Section 1R13 describes a finding that involved inadequate problem resolution for failure to correct a condition adverse to quality that should have been identified by the licensee based on internal and external operating experience and NRC Generic Communications.

4OA3 Event Follow-up

1. Unit 1 Reactor Trip Caused by Procedural Error

a. Inspection Scope

On November 13, 2003, at 11:35 a.m., Unit 1 automatically tripped from 100 percent power. A procedural error caused a turbine trip, which resulted in an automatic reactor trip (CR 03-11523). The inspectors evaluated the response of plant equipment and mitigating systems following the trip, as well as operator actions including communications, use of emergency operating procedures, and their efforts to stabilize the plant to a safe shutdown condition. The inspectors also reviewed various instrument responses and sequence of events reports, and interviewed various plant personnel.

The inspectors verified the reactor trip was properly reported (Event Notification#40320)in accordance with 10 CFR 50.72.

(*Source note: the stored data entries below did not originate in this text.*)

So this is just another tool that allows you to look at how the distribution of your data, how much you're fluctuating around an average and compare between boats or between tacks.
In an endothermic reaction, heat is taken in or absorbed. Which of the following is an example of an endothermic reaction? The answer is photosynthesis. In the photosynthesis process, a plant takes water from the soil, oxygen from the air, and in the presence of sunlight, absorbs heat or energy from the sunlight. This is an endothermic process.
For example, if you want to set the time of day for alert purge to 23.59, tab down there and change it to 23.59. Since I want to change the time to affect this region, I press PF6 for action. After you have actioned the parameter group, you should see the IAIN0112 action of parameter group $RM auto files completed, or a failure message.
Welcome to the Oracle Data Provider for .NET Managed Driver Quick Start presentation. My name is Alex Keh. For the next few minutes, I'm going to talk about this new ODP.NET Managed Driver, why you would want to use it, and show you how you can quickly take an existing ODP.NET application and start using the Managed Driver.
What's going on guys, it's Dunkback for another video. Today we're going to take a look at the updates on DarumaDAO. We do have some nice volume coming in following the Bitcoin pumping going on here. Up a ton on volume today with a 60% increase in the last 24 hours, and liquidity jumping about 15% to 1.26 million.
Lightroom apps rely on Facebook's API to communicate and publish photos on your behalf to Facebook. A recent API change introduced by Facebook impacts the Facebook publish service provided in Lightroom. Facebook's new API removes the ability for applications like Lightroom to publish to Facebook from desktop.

The inspectors assessed the licensees restart preparation to determine whether station personnel properly evaluated plant readiness for safe restart in accordance with 1/2-ADM-0703, Rev. 0, Event Review. The Event Review Team (ERT) concluded that the reactor trip was caused by the failure of plant personnel to utilize self-checking and peer checks that led to a failure to follow a surveillance procedure, and subsequently resulted in the unit trip. The inspectors verified that the licensees decision to restart was consistent with the measures taken and in accordance with attributes contained in 1/2-ADM-0703.

b. Findings

Introduction.

A self-revealing finding was identified of very low safety significance (Green) regarding the failure to properly implement a maintenance surveillance procedure that resulted in an unplanned Unit 1 reactor trip. This finding represented a human performance error in the execution of the surveillance. This finding was of very low safety significance because of its short duration and the issue did not impact the operation of mitigating equipment.

Description.

On November 13, with the plant at 100 percent power, technicians were performing Unit 1 reactor trip breaker testing in accordance with 1MSP-1.05-I, Rev. 20, Solid State Protection System Train B Bi-Monthly Test. The procedure step immediately prior to the event involved the measurement of resistance across the reactor trip bypass breaker contact. While attempting to measure this resistance, the technicians mistakenly placed the digital voltmeter across the reactor trip breaker contact. Since the meter was set to the ohms scale, a current flow path across the normally open contact was created and completed a circuit which tripped the main turbine. The normal function of this circuit is to ensure a turbine trip following a reactor trip. Since reactor power was above 49 percent, an automatic reactor trip signal was generated.

Analysis.

A surveillance test on the reactor trip switchgear was in progress at the time of the trip and the inspectors determined that failure to properly execute this surveillance procedure caused the event. The issue was determined to be a performance deficiency because the licensee failed to meet a procedural requirement and it was within the licensees ability to foresee and control. The issue was more than minor because it is associated with the human performance attribute under the Initiating Events cornerstone, and affected the cornerstone objective since it increased the likelihood of an initiating event, e.g., an actual reactor trip did occur.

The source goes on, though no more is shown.